◆ **Problem requirements**: Quote exactly, and only, the lines of the material below from the line with "Sweat-Shirt Demi Zip Col Montant" through the line with "Simples Market posture".
:: Available records
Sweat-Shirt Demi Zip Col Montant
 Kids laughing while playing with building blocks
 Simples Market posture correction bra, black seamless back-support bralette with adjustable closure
::::
:: Available records
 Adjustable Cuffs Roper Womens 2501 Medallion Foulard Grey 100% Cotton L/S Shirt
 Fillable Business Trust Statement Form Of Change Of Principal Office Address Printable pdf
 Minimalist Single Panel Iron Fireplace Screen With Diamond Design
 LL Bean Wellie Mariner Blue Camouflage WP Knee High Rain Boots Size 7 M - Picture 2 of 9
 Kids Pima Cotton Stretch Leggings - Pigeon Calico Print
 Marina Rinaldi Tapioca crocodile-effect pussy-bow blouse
::::
:: Available records
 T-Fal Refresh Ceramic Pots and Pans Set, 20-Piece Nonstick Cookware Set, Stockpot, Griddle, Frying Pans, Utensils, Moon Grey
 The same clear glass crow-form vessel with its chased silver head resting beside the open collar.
::::
◆ **Result for this exercise**:
Sweat-Shirt Demi Zip Col Montant
 Kids laughing while playing with building blocks
 Simples Market posture correction bra, black seamless back-support bralette with adjustable closure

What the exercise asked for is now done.